**Task to complete:** Only the lines from the one containing "OnePlus Nord N10" to the end of the records belong in the answer; repeat them exactly and drop the pictures.

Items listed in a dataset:
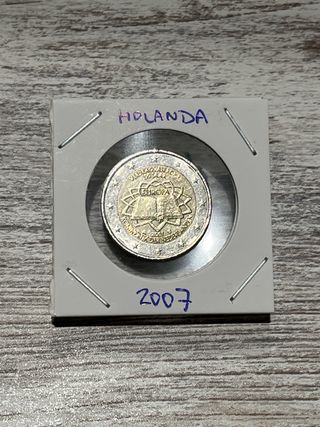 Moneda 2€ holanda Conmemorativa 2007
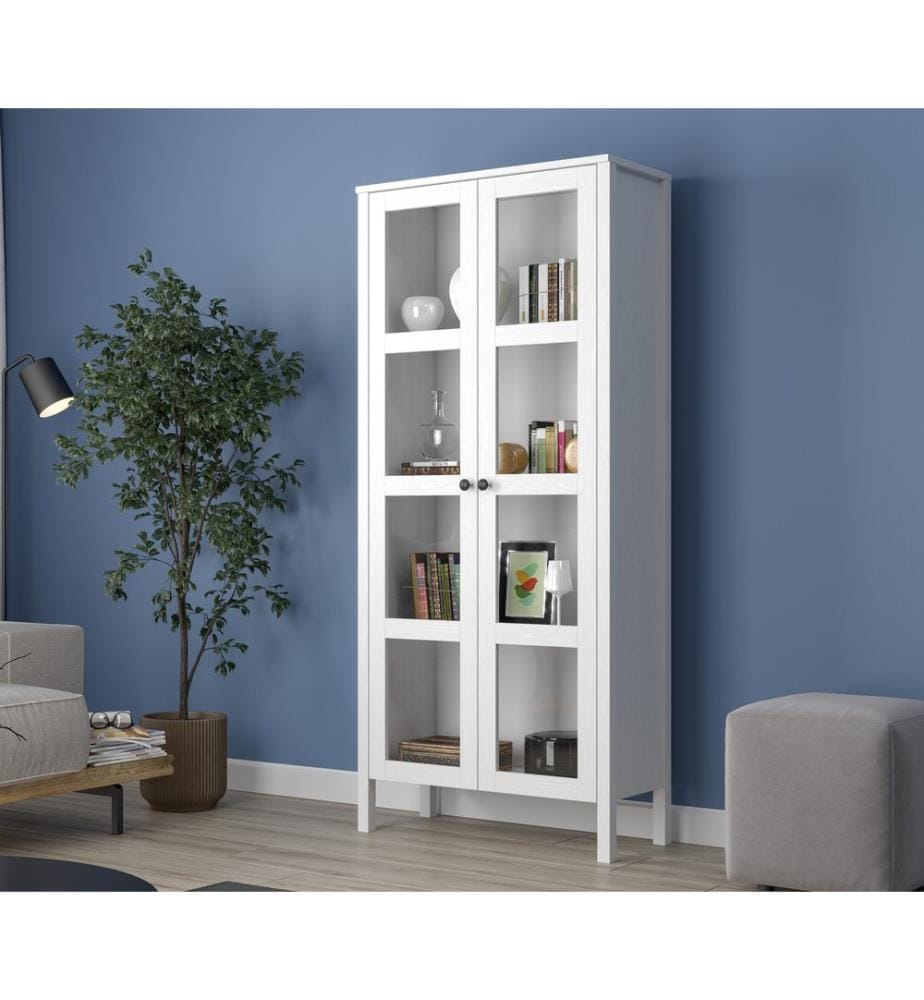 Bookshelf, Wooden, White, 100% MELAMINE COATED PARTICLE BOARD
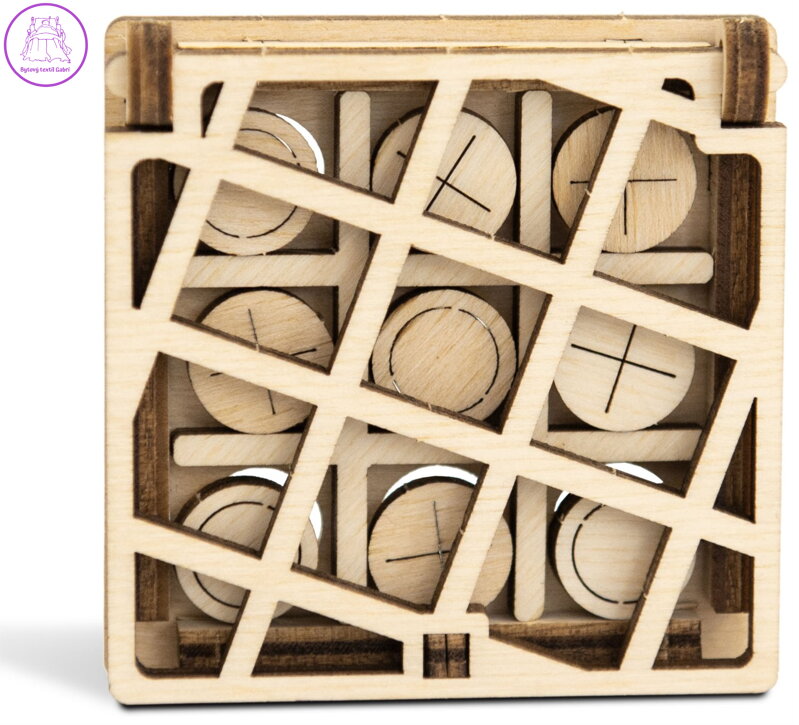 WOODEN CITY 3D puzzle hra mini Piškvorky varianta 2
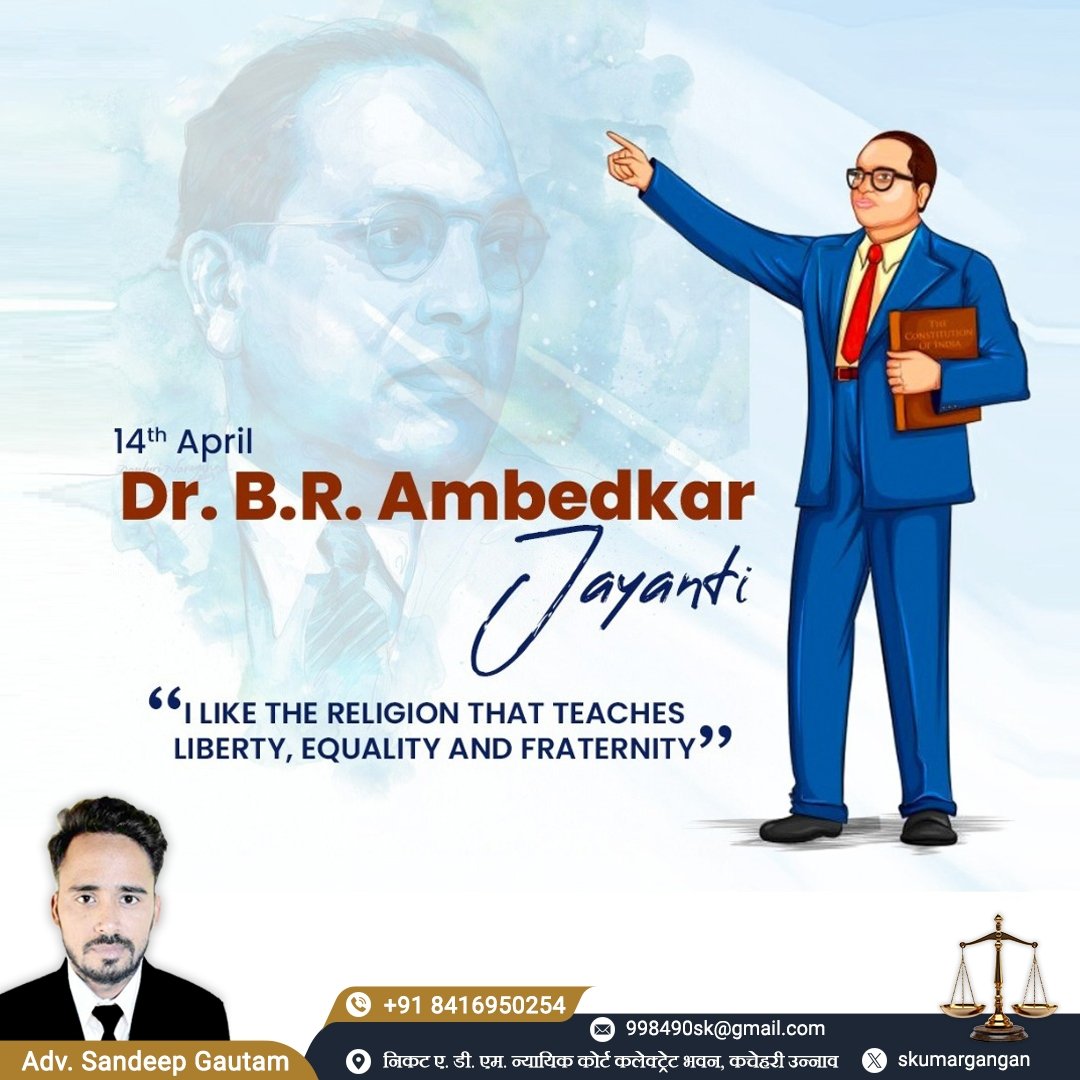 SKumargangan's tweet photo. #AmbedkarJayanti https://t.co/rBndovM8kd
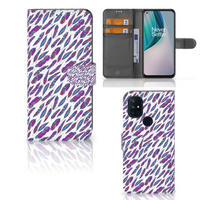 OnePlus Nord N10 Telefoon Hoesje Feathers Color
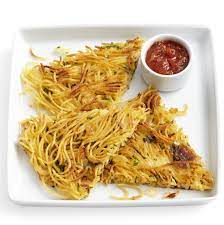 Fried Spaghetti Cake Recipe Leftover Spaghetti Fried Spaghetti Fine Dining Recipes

**Result:**
 OnePlus Nord N10 Telefoon Hoesje Feathers Color
 Fried Spaghetti Cake Recipe Leftover Spaghetti Fried Spaghetti Fine Dining Recipes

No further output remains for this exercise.